# Material provided
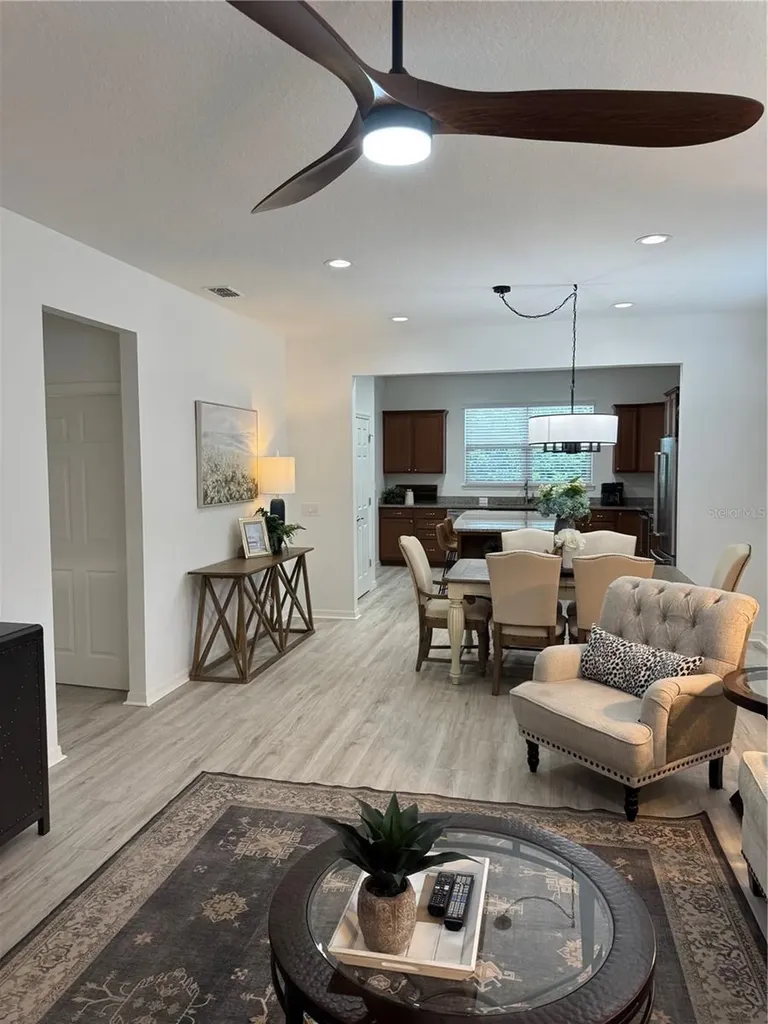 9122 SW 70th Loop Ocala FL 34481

==

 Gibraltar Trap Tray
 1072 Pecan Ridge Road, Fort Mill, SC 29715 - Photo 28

# What is expected
Everything from the line with "Gibraltar Trap Tray" through the line with "1072 Pecan Ridge" should be written out exactly as it appears above, end lines included, and nothing outside that range.

# Written reply
 Gibraltar Trap Tray
 1072 Pecan Ridge Road, Fort Mill, SC 29715 - Photo 28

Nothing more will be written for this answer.